Brief descriptive captions:
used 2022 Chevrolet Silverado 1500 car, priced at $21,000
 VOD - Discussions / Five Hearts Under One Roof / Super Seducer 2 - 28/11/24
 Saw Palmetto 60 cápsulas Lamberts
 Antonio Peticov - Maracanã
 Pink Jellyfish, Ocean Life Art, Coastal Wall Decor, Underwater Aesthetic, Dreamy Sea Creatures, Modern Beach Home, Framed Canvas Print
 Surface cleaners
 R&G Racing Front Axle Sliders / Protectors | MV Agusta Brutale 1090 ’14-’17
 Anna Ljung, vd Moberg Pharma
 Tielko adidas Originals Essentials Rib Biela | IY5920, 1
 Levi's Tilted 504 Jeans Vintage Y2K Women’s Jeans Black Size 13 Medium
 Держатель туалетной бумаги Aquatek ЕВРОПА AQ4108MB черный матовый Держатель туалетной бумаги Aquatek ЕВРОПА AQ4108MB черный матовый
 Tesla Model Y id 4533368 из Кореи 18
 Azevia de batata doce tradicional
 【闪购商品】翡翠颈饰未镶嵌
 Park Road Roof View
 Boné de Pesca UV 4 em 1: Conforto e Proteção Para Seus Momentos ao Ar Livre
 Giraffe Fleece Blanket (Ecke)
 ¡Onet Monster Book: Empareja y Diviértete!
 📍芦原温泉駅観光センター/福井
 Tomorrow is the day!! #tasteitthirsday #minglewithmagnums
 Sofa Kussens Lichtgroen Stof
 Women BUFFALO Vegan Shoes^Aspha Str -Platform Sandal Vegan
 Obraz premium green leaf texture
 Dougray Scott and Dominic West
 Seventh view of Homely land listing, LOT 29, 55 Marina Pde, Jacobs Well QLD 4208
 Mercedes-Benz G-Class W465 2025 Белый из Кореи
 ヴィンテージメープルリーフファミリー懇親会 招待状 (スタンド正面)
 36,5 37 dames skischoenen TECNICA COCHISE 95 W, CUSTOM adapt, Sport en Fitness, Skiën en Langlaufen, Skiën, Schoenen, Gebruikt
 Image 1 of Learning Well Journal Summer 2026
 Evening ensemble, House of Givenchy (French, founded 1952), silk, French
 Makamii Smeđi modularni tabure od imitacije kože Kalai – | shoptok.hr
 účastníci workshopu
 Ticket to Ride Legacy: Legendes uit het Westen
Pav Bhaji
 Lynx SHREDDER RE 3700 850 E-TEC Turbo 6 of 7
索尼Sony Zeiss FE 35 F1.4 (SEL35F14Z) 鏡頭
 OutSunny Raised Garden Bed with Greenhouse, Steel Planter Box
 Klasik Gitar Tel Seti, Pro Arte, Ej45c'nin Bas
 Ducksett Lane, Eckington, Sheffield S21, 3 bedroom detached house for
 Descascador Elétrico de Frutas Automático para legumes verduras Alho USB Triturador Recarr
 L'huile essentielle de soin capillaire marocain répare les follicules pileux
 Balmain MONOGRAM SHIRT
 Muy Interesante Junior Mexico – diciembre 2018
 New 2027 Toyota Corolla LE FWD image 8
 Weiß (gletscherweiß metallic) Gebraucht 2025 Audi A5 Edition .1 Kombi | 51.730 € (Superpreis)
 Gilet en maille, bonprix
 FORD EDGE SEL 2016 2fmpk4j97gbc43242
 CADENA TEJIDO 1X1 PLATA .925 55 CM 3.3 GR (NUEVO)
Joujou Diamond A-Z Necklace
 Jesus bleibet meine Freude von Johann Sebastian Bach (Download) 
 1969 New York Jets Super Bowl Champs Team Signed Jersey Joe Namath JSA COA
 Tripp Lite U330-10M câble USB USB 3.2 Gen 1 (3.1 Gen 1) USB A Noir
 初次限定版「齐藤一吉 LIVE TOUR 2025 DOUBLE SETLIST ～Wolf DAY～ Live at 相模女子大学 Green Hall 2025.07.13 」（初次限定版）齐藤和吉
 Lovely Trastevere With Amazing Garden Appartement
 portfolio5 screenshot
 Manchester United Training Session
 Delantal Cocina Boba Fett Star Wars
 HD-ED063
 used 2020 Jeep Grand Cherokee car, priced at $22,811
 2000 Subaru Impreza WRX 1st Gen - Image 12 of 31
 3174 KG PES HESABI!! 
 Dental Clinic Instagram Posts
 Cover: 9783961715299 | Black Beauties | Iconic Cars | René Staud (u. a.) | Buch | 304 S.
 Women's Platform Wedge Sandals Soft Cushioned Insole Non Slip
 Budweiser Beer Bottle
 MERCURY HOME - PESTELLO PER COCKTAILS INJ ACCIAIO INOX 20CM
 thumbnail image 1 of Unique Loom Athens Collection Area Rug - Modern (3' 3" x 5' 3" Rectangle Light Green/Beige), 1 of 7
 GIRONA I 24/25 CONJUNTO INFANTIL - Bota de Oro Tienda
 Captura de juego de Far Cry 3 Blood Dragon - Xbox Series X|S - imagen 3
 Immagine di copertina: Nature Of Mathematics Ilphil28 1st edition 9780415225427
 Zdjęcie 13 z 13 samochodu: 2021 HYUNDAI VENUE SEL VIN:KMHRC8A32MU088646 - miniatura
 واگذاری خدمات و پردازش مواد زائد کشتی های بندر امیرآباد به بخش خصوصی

■ Task item
Reproduce each line of the records in which the string "Кореи" appears.

■ Solved exercise
 Tesla Model Y id 4533368 из Кореи 18
 Mercedes-Benz G-Class W465 2025 Белый из Кореи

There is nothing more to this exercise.